Hodgkin’s lymphoma is a rare cancer of the lymphatic system that affects groups of lymph nodes, such as those found in the neck, armpits or groin. In particular, the B-lymphocytes multiply at an abnormal rate and accumulate in the lymph nodes. These cells are referred to as Reed-Sternberg cells and they are detected on microscopic examination of a lymph node biopsy. The Reed-Sternberg cell is not present in other forms of lymphoma, which are referred to as non-Hodgkin’s lymphoma.
Although Hodgkin’s lymphoma can occur at any age, it is most likely to affect those aged between 20 and 34 years or those aged between 70 and 79 years. The incidence of this condition is slightly higher among men than among women.
The cause of Hodgkin’s lymphoma is not yet understood and the majority of patients who develop this condition do not have risk factors.
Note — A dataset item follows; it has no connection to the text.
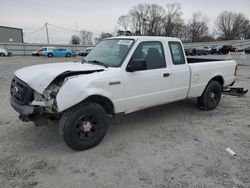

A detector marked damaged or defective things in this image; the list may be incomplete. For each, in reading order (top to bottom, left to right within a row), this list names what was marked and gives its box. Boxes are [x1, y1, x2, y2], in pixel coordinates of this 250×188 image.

damaged hood [14, 62, 104, 93]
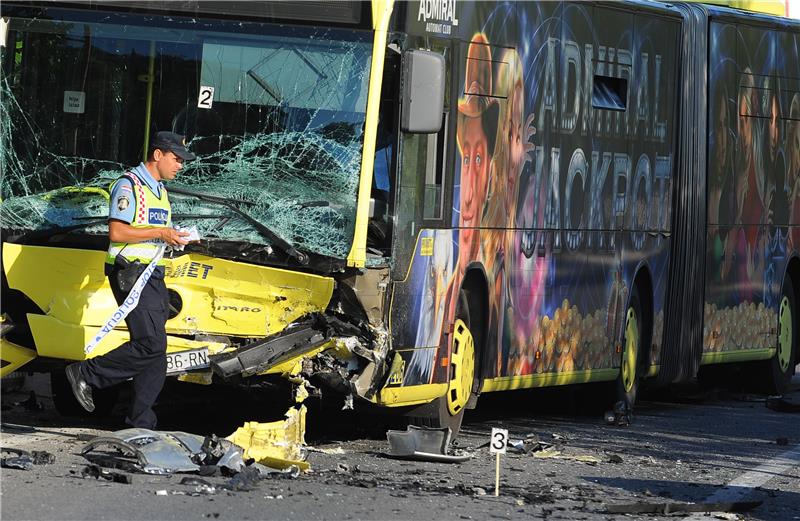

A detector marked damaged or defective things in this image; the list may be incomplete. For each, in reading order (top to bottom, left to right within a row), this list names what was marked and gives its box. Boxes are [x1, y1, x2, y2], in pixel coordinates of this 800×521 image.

shattered windshield [0, 7, 372, 258]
However, several factors have been identified that increase the risk of developing Hodgkin’s lymphoma and these include:
- Reduced immunity – patients with HIV or those taking immunosuppressive drugs, for example, are at an increased risk.
- Previous exposure to the Epstein-Barr virus (causes glandular fever) can increase the risk of Hodgkin’s lymphoma later on in life.
The most common symptom of Hodgkin’s lymphoma is swelling in the areas of the body where lymph nodes are present. Although the swelling is usually painless, it can cause an aching sensation in some individuals. More general symptoms include the following:
- Weight loss
- Night sweats
- Itchy skin
The most commonly occurring of these symptoms are night sweats, fever and weight lost – symptoms which are referred to as B symptoms.
Some patients have abnormal cells in their bone marrow at the time they are diagnosed with Hodgkin’s lymphoma. This can reduce the number of healthy blood cells that are produced and circulated in the bloodstream. This reduction in the level of healthy blood cells can lead to problems such as breathlessness, bleeding disorders such as nosebleed, and an increased risk of infection.
The laterocervical lymph nodes in the side of the neck are often enlarged, although their shape is usually preserved since the cancer does not invade the outer capsule of the lymph nodes. When the surface of an affected lymph node is cut open, the tissue is a white–grey colour and uniform.
Microscopic examination of the lymph node may reveal partially or complete scattering with Reed-Sternberg cells, amongst a mixed background of reactive lymphocytes, plasmocytes, eosinophils, granulocytes and histiocytes. The extent to which the presence of these other cells is only reactive and whether or not the Sternberg-Reed cells are the only malignant cells, is still under debate. However, histology experts do agree that the Reed-Sternberg cells or a variant of these cells needs to be identified in a biopsy in order for a diagnosis of Hodgkin’s lymphoma to be confirmed.
The Reed-Sternberg cells are typically about 20 to 50μm in size, with a finely granular and homogenous cytoplasm, a thick nuclear membrane and an eosinophilic nucleus. In around half of cases, these Reed-Sternberg cells are infected with Epstein-Barr virus.
Type of Hogkin’s disease
Hodgkin’s disease is divided into four main types, depending on the histological features identified during microscopy and these are described below.
- Lymphocyte predominant type – The lymphocyte is the main cell present. This type of Hodgkin’s lymphoma is uncommon, but is associated with the most optimal prognostic outlook.
- Nodular sclerosing type – Microscopic examination reveals well-defined nodules distinguished by their fibrous strands. This common form of Hodgkin’s disease accounts for around 70% of cases and is often associated with a positive prognostic outlook.
- Mixed cellularity type – This type is more common across populations from Asia and the Middle East and accounts for only 20% of cases in the UK, for example. This form of Hodgkin’s disease is associated with a less positive prognosis and requires an aggressive treatment approach.
- Lymphocyte depleted type – This form is associated with the worst prognosis. Reed-Sternberg cells predominate, the lymphocytes are severely depleted and the reactive background is reduced. This aggressive form of Hodgkin’s disease accounts for only 5% of cases overall.